Tuesday, November 17, 2009

[android-developers] Re: Android Market Anti-Piracy

It's incorrect to believe that hackers/crackers wouldn't care about
removing the protection from a cheap products. The hackers/crackers
don't care about the price of the product, they just want to get
famous so they crack the most popular applications regardless of
price. They don't think in economical terms.

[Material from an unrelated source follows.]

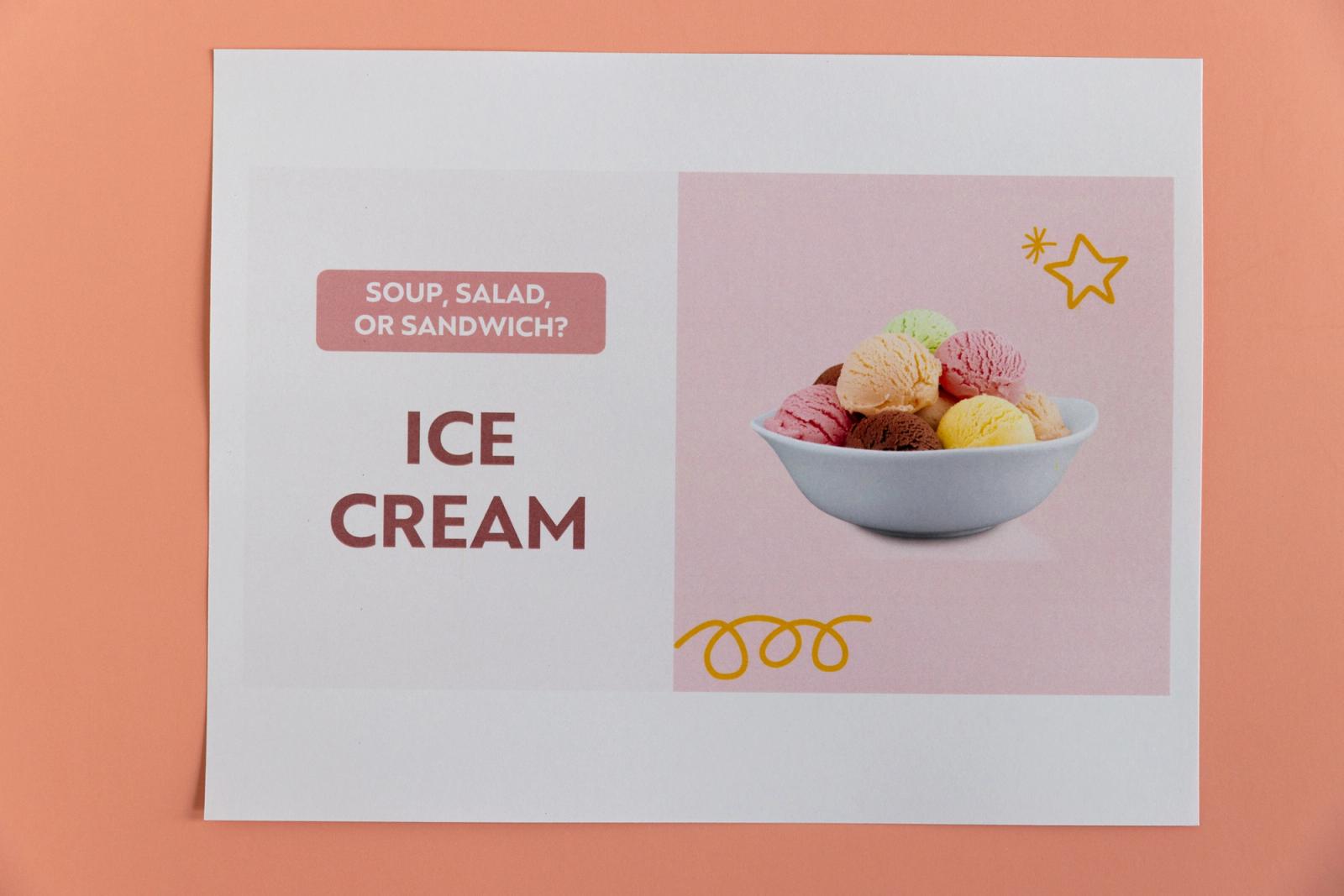 Piece of paper with a picture of ice cream and "soup, salad, or sandwich?" lays on a peach background.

People who are buying products are however thinking in econimical
terms, so they might be less interested in looking for a cracked
version if the product is cheap, so having copy protection on a $1
product might be close to worthless.

On 16 Nov, 23:04, Paul Turchenko <paul.turche...@gmail.com> wrote:
> I highly doubt that anyone would do that for $1 application. Effort
> not worth trying.
>
> On Nov 16, 9:55 pm, strazzere <str...@gmail.com> wrote:
>
> > Since reversing an application is a rather menial task now, whats to
> > prevent a user from taking your application - stripping the protection
> > and re-releasing it? Not to mention that IMEI spoofing to an
> > application can be done with a little bit of research.
>
> > More importantly, with your approach - what happens when someone
> > strips out the protection, throws it into a nice little program - then
> > bombs all the IMEI numbers they want? Then you'll have "pirates" being
> > blocked who well, never pirated your application. Seems like an easy
> > way to quickly make your blacklist pretty inaccurate.
>
> > -Tim Strazzere
>
> > On Nov 16, 2:02 pm, Rachel Blackman <ceruleanspa...@gmail.com> wrote:
>
> > > On Nov 16, 2009, at 10:34 AM, nEx.Software wrote:
>
> > > > Not to mention that just because someone might have pirated some app
> > > > at some time, doesn't mean that they pirated your app.
> > > > That's why it needs to be able to check against Google Checkout or
> > > > whatever payment processor is used...
>
> > > Also not to mention how many people buy out-of-contract phones off of eBay to toy with new techy stuff.  What if someone gets their phone's IMEI blacklisted in your database, goes and sells their phone, and someone innocent now picks up the phone and finds abruptly they can't use any of the apps linked into this antipiracy thing?  (And lest you say that wouldn't happen, look at how many of the Xbox 360 consoles that have gotten locked out of Xbox Live abruptly ended up on eBay, while the folks who got locked out go get new consoles.  After all, Xbox Live uses similar security methods, where the lockout applies to the hardware ID, not merely the account.)
>
> > > This isn't to say that antipiracy methods aren't desirable or useful.  Just that if they bite /innocent/ users as well, you'll have a headache to deal with.  Look at how many 'I can't see this app in the market!' threads we already have, and how much frustration there is just from developers over that.  Imagine the users adding to that with 'I paid for this app off the store, but when I try to run it claims I pirated it!'
>
> > > In general, as a software developer, I tend to think that antipiracy methods that allow some pirates through are better than antipiracy methods that might flag innocent users as wrongdoers.